図17に戻り、現在の充電回数に対応する電圧閾値が設定されたのち(S207)、または、ユーザの充電操作がない場合(S201:NO)、S201に戻る。そして、電圧閾値設定処理(図17)は、表示端末1が電源オンされている間は繰り返し実行される。そのため、第3の実施形態に係る表示端末1では、現在の充電回数が増加するのに応じて、その充電回数に応じた好適な電圧閾値に変更される。
第3の実施形態に係る表示端末1によれば、バッテリ82から検出される電圧値が電圧閾値よりも小さいと判断され、且つ、表示パネル2の表示画面が切り換えられてから所定時間以上を経過したと判断された場合に、メモリカード87に記憶されている画像データの削除が行われる。したがって、ユーザによって利用されているにも関わらずデータ削除が行われる不具合の発生を抑制しつつ、第三者への機密情報の漏洩を適切に防止することができる。さらに、バッテリ82の充電回数に応じて電圧閾値を変更することで、画像データの削除に最低限必要な電池残量を確保することができる。
<第4の実施形態>
図19および図20を参照して、本発明の第4の実施形態に係る表示端末1について説明する。なお、第4の実施形態に係る表示端末1は、基本的に第1の実施形態に示すものと同様であるが、電圧閾値の設定手法が異なる。以下では、第1の実施形態と同一構成については同一符号を付し、第1の実施形態と異なる点のみを説明する。
図19を参照して、第4の実施形態において、メイン処理(図6参照)のS1で起動される電圧閾値設定処理について説明する。図19に示す電圧閾値設定処理では、まずEEPROM93に記憶されているデータ保護設定が「データ削除」であるか否かが判定される(S301)。データ保護設定は、先述のデータ保護処理(S11)で実行される内容が、保護対象データの削除および暗号化のいずれであるかを示す情報である。データ保護設定は、あらかじめユーザによって任意に「データ削除」または「データ暗号化」に設定されていればよい。また、データ保護設定は、ユーザによる設定がない場合に、デフォルトで「データ削除」または「データ暗号化」が設定されてもよい。

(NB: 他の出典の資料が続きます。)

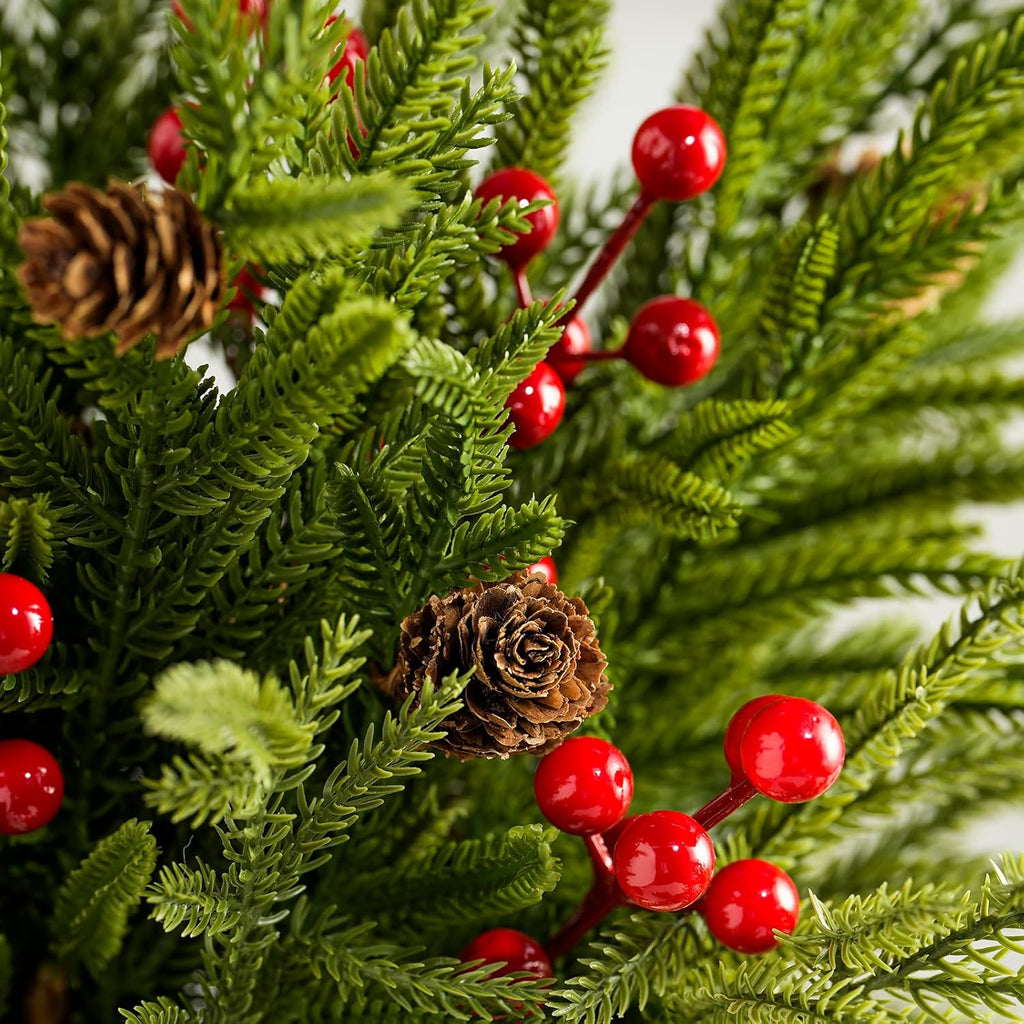 YIYA Christmas Artificial Pine Branches Artificial Norfolk Pine Stems with Red Berry Stems Faux Pine Needles with Pine Cones for Vase Garland Wreath Xmas Decor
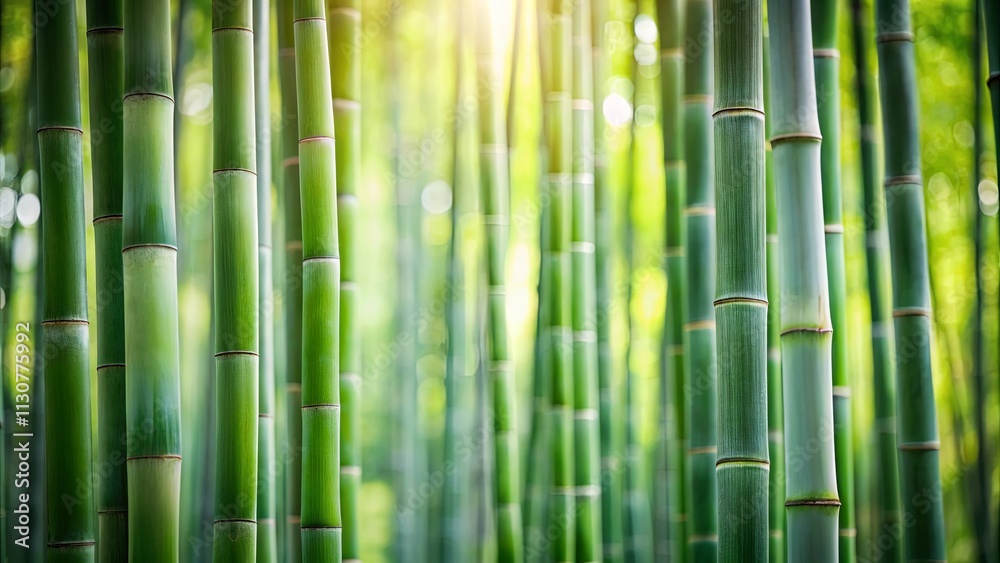 Fototapeta premium Lush Green Bamboo Forest A Serene Natural Background of Tall, Slender Stalks in Sunlight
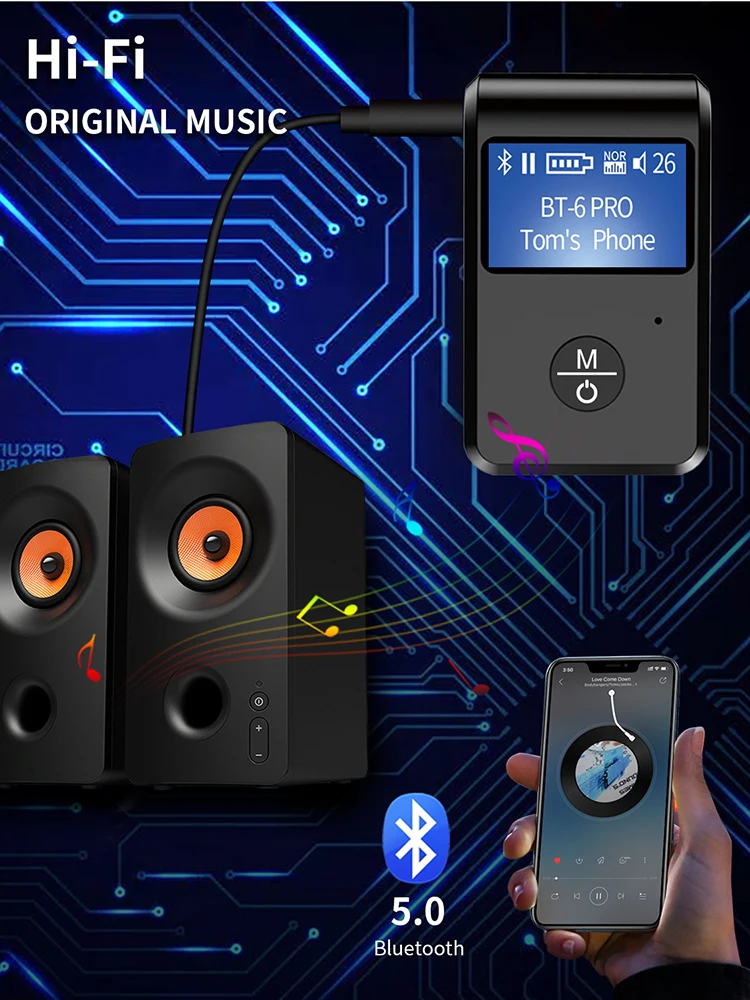 

Bluetooth 5.0 Receiver Wireless Aux Audio Adapter With Battery Display Screen CVC Noise Cancellation Handsfree Car Kit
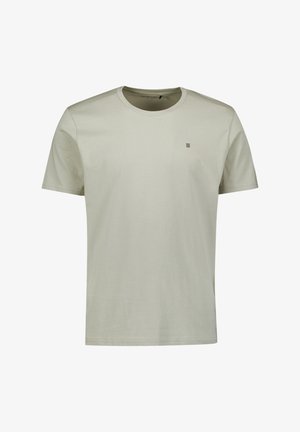 Lichtgrijze, kortarmige T-shirt van katoen. Bevat een ronde halslijn en een klein, subtiel logo in de bovenste linkerhoek. Gladde textuur.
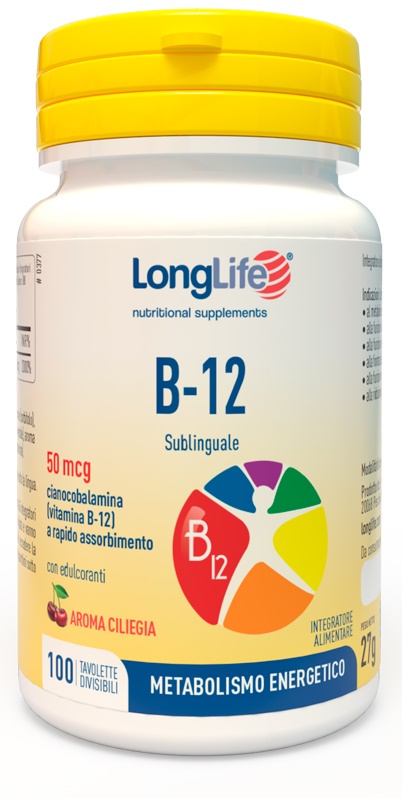 LONGLIFE B12 50MCG SUBLINGUALE 100 TAVOLETTE - pharmaluna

データ保護設定が「データ削除」である場合(S301:YES)、閾値設定テーブル記憶エリア98に記憶される閾値設定テーブル304(図20参照)に基づいて、「データ削除」に対応する電圧閾値が電圧閾値記憶エリア99に設定される(S303)。一方、データ保護設定が「データ暗号化」である場合(S301:NO)、S303と同様に閾値設定テーブル304(図20参照)に基づいて、「データ暗号化」に対応する電圧閾値が電圧閾値記憶エリア99に設定される(S305)。S303またはS305が実行されたのち、電圧閾値設定処理(図19)が終了する。
図20に示す閾値設定テーブル304には、データ保護設定と電圧閾値とが対応付けて記憶されている。先述のS303およびS305では、閾値設定テーブル304を参照してデータ保護設定に応じた電圧閾値が設定される。具体的には、S303では電圧閾値が「データ削除」に対応する「3.6V」に変更される。S305では電圧閾値が「データ暗号化」に対応する「3.8V」に変更される。
なお、第4の実施形態に係る表示端末1では、メイン処理(図6参照)のデータ保護処理(S11)において、EEPROM93のデータ保護設定に応じた処理が行われる。具体的には、データ保護設定が「データ削除」に設定されている場合、図13に示すデータ保護処理が実行される。一方、データ保護設定が「データ暗号化」に設定されている場合、S65では全データの削除に代えて全データの暗号化が行われ、S67では機密データの削除に代えて機密データの暗号化が行われる。なお、S65およびS67で実行されるデータ暗号化は、公知の手法を用いればよい。
このように、閾値設定テーブル304(図20)では、表示端末1に最低限必要な電池残量を示すセル電圧3.5V以上の電圧閾値が設定される。さらに、「データ暗号化」のほうが「データ削除」よりも一般に消費電力が大きいため、データ保護として「データ暗号化」が行われる場合には電圧閾値が高く設定される。これにより、先述のデータ保護処理(S11)として消費電力が大きい処理が行われる場合でも、その処理に最低限必要な電池残量が確保される。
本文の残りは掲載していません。